So with so many similarities, why do the two shows “feel” so different? It might seem that there is a difference between the shows because Supergirl wears a costume, but Jessica does, too, in a way. She always wears the exact same outfit, including leather jacket, jeans, and boots. She spends even more time dressed like this than Supergirl spends in costume on her show. There are more subtle ways Jessica Jones is given a superhero identity, too. Jessica Jones was surrounded by cool blues when she was on the Defenders, to differentiate her from; Luke Cage, bathed in warm yellow light; Daredevil, accompanied by splashes of red; and Iron Fist, lit in sickly greens.

The real difference between the shows is tone. Supergirl is unfashionably optimistic, a genuinely fun adventure about the merits of achieving your potential. Supergirl is about the important, but often challenging task of connecting with others. Supergirl has always been great at finding a way into the hearts and minds of criminals in order to take them down with talking and emotion before resorting to using her fists or powers.

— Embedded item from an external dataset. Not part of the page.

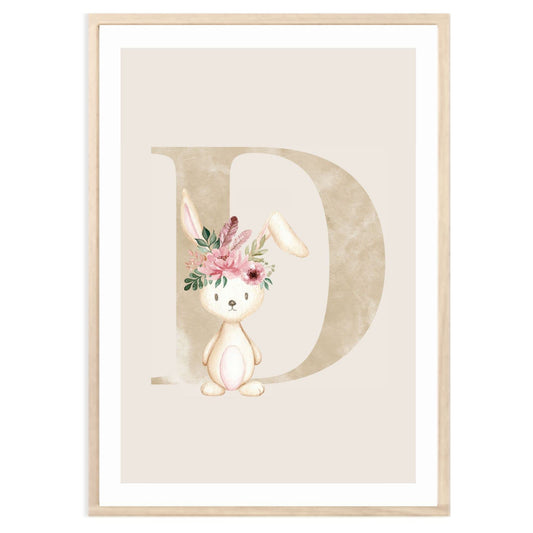 Kinderzimmerposter_Anfangsbuchstabe_beige_Hase_boho_D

Jessica Jones is a fiercely defiant, leather-clad pugilist with a drinking problem. She is the personification of world weariness and a jaded distrust of people in general. Supergirl’s positive attitude may be almost impossible for us mere mortals to achieve, but Jessica’s door demeanor is, thankfully, also at the extremes of human emotion.

Both shows, despite their huge differences, are hugely enjoyable and feature a unique superhero to have the adventures we can’t. We may not want to be either of these two titans, but it sure is fun watching them touching hearts and kicking ass, respectively.